-- About this exercise --
Show every line below where "makes" appears.

-- Data excerpts --
----
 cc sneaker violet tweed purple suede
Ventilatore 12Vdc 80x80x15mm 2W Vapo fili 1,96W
----
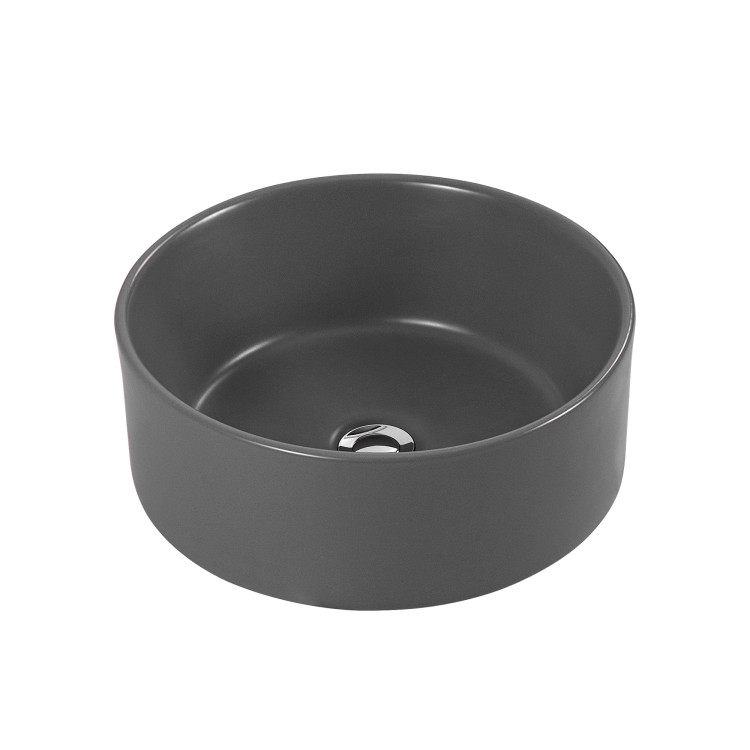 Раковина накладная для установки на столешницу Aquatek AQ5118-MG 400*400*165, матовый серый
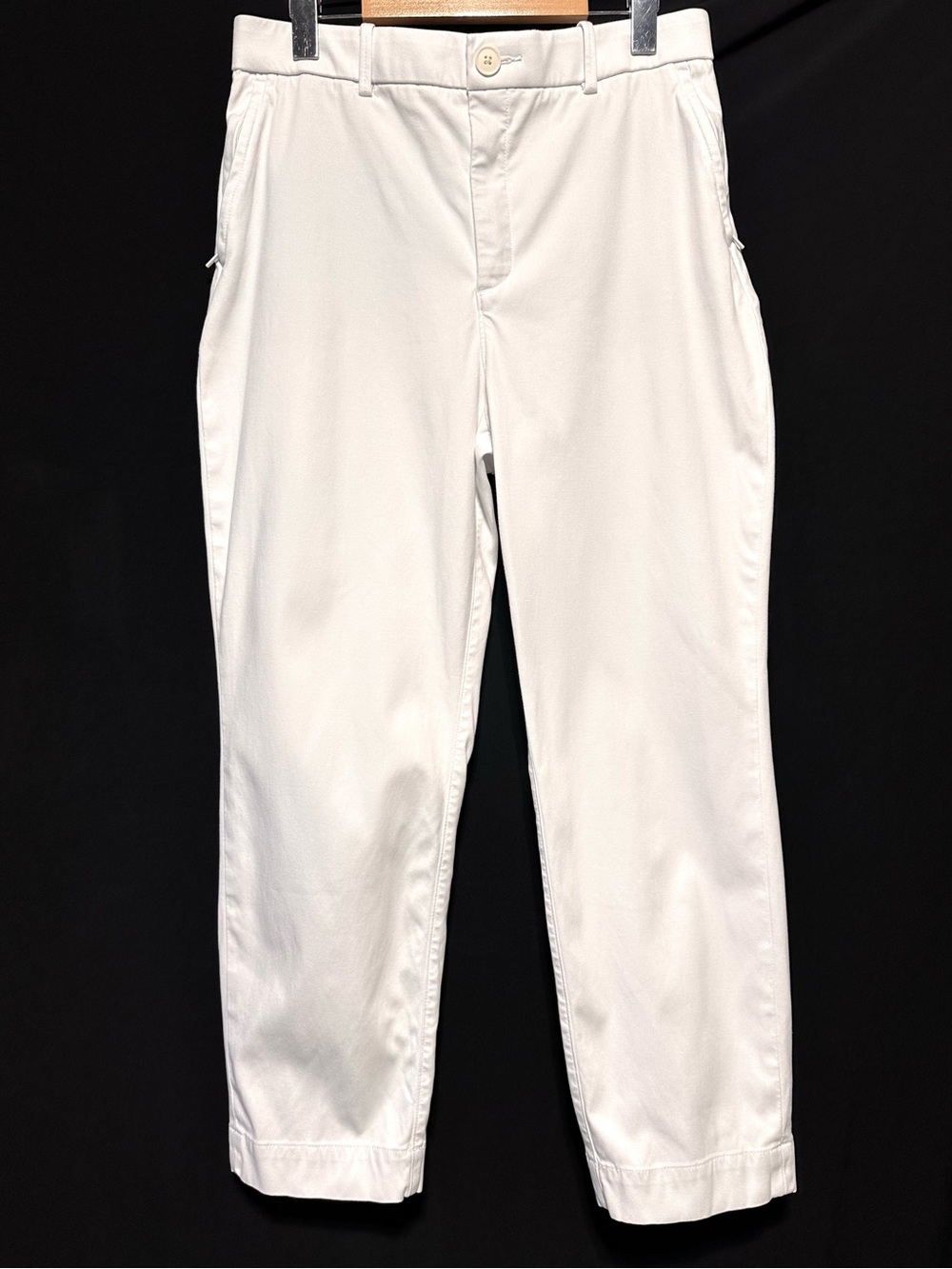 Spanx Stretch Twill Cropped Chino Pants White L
----
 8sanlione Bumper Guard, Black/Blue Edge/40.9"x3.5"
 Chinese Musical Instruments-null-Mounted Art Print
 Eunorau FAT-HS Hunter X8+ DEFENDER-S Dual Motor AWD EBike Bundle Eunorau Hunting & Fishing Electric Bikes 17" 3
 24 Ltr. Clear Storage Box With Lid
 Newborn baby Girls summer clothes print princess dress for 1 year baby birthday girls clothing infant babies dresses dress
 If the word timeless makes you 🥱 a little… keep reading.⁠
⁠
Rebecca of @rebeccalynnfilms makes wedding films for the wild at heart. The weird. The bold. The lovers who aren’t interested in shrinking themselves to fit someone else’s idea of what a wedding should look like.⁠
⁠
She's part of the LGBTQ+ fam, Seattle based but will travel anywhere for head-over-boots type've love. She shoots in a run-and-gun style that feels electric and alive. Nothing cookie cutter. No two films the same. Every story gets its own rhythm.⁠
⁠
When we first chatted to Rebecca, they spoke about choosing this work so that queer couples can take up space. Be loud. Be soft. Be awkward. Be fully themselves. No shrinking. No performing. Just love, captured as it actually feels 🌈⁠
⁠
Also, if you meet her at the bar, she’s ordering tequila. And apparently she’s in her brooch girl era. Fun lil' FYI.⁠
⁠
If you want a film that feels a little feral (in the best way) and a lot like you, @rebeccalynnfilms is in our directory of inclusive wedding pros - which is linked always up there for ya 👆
----
-- Response for this exercise --
 If the word timeless makes you 🥱 a little… keep reading.⁠
Rebecca of @rebeccalynnfilms makes wedding films for the wild at heart. The weird. The bold. The lovers who aren’t interested in shrinking themselves to fit someone else’s idea of what a wedding should look like.⁠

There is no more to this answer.